And yet, oddly enough, this is also the stage of life when some of us become more creative than ever. Not because we suddenly have more energy. We absolutely do not. But because creativity becomes less about ambition and more about survival.

When you’re younger, hobbies often come attached to goals: becoming successful, admired, discovered, and maybe rich enough to buy furniture that isn’t assembled with an Allen wrench.

As we get older, creative passions become something deeper and stranger. They become a way of continuing to participate in life without needing permission from anyone else.

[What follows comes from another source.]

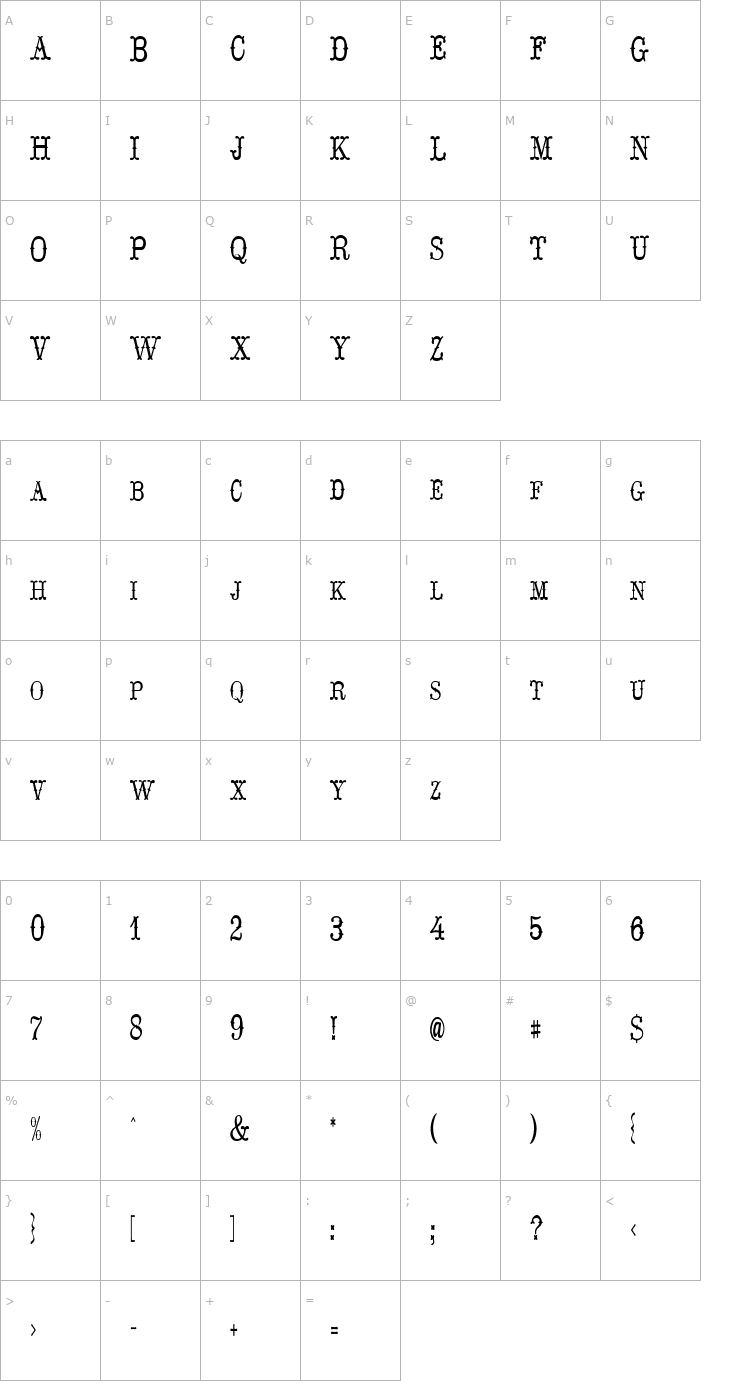 Character Map Hoedown Regular Font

For me, that has become music, this website, videos, writing, and all the ridiculous technological gymnastics required to keep them alive. I spend hours learning AI animation tools, audio editing platforms, website builders, and digital workflows largely designed by people young enough to consider a forty-year-old “retro.” Sometimes I emerge victorious. Other times, not so much.

Still, there’s something invigorating about staying engaged in open-ended creative work. Open-ended matters because the older we get, the more life becomes filled with endings: careers, loved ones, and the physical strength and dexterity of our youth.

Creative work pushes in the opposite direction. It asks: What if there’s still something left to make? Not because every project succeeds, but because the process itself keeps the machinery running. Curiosity remains alive. Humor remains alive. Possibility remains alive.

There’s also a quiet dignity in continuing to create things nobody asked for. A new song. A strange video. A blog entry. A cartoon prescription bottle with emotional problems named Pilly.

None of it may change the world. But it changes the day. And for me, that’s enough. Because aging eventually teaches you an important truth: you may not be able to control what wears out, but you can still choose what stays active.